Read in:
English

expand: level-by-level TOC navigation

expand is an MCP tool that walks a note's table of contents one level at a time (progressive disclosure). An agent descends the section tree from the top and reads only the leaf it needs — without loading the full note or its entire flat table of contents.

Why it matters: this is token economy in practice. Reading one section instead of a full note is orders of magnitude cheaper (a reproducible benchmark is at en/user/token-economy-bench), and the answer stays at the top of the context where model recall is strong, not buried in the long tail where it degrades. Background: Token Economy.

How it works

expand returns the direct children of one TOC node:

  • Omit toc_path (or pass []) — get the top-level sections.
  • Pass a node's toc_path — get its subsections.

Each child carries: title, level, path (the breadcrumb to pass on the next call), and has_children (whether it has further nesting). Descend until you reach a leaf (has_children: false), then read it via note_html(toc_path=[...]).

Arguments. One note identifier (pid, note_id, path, or href — taken from search results) plus an optional toc_path:

{ "name": "expand", "arguments": { "pid": 42, "toc_path": ["Goroutines"] } }

The response is a structured list of children plus a short text summary ("N subsection(s)" or "has no subsections (leaf)").

Workflow

1. search(query)
   → results with snippet, breadcrumb, and matches[].toc_path

2. expand(pid=N)                    # top-level TOC
   expand(pid=N, toc_path=[...])   # drill into the right branch
   → repeat, picking the child by meaning, until leaf

3. note_html(pid=N, toc_path=[...])
   → read only the needed section

A shorter path: if search already returned an exact matches[].toc_path, read the section directly via note_html(toc_path=...). Use expand when you want to survey the structure and navigate deeper without loading anything extra.

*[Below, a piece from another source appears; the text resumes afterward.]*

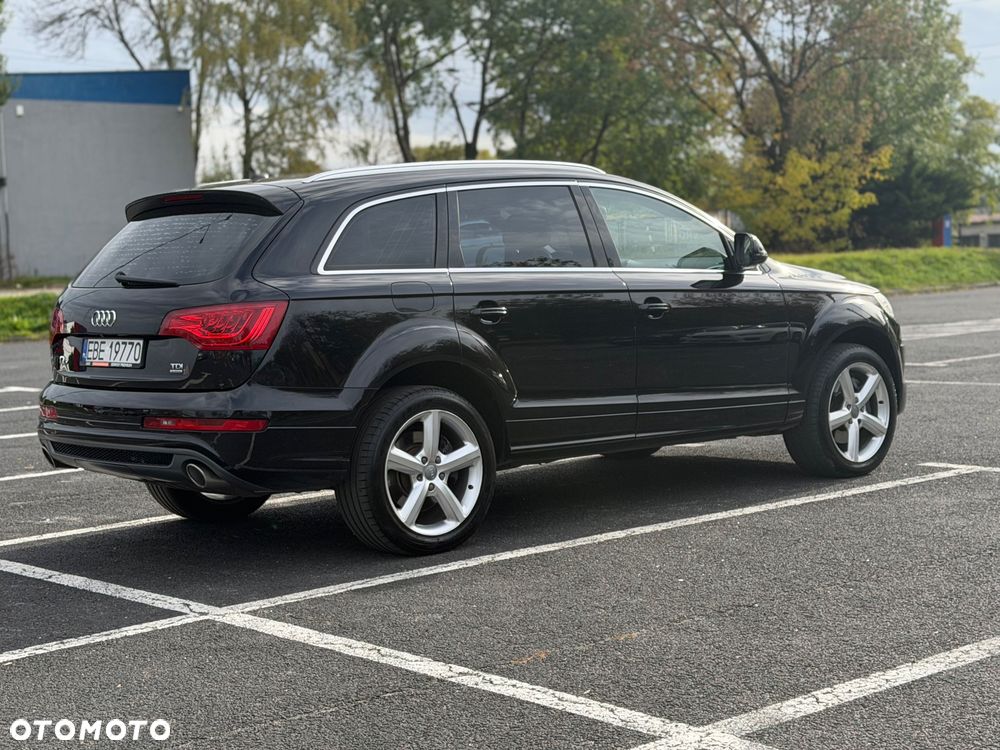 Audi Q7 4.2 TDI DPF Quattro Tiptr Progressive - 10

Previously, search returned a full flat toc for every note. Results are now slim: structure unfolds on demand via expand. You don't pay tokens for the whole table of contents — you take exactly the level you need.

expand vs. alternatives

  • vs. reading the full note. A leaf section costs far fewer tokens than the full note; the gain scales with note size (numbers at benchmark). The answer stays at the top of the context rather than in the "dead zone" at the bottom.
  • vs. grep -A -B. grep gives ±N lines around a lexical match; expand returns a whole section by heading structure, and locates it by meaning (via vector search) rather than by string. More importantly, expand works over MCP against a knowledge base that grep cannot reach at all: hosted, shared with a team, remote, or someone else's. For a single person with a local vault, grep is perfectly adequate; expand is for when the base is large, shared, or remote.

Access control

expand respects per-note permissions: an agent sees structure only for notes it is allowed to read. It cannot obtain a table of contents for notes outside its access scope.

Federation

federated_expand does the same across connected knowledge bases — navigate the structure of a remote base through a single MCP endpoint. See MCP Federation.

Try it yourself

No dependencies, Python 3 only:

python3 scripts/expand_check.py

The script hits https://trip2g.com/_system/mcp, navigates the TOC via expand, reads the target section, and prints a table comparing "navigation + read" against "full note".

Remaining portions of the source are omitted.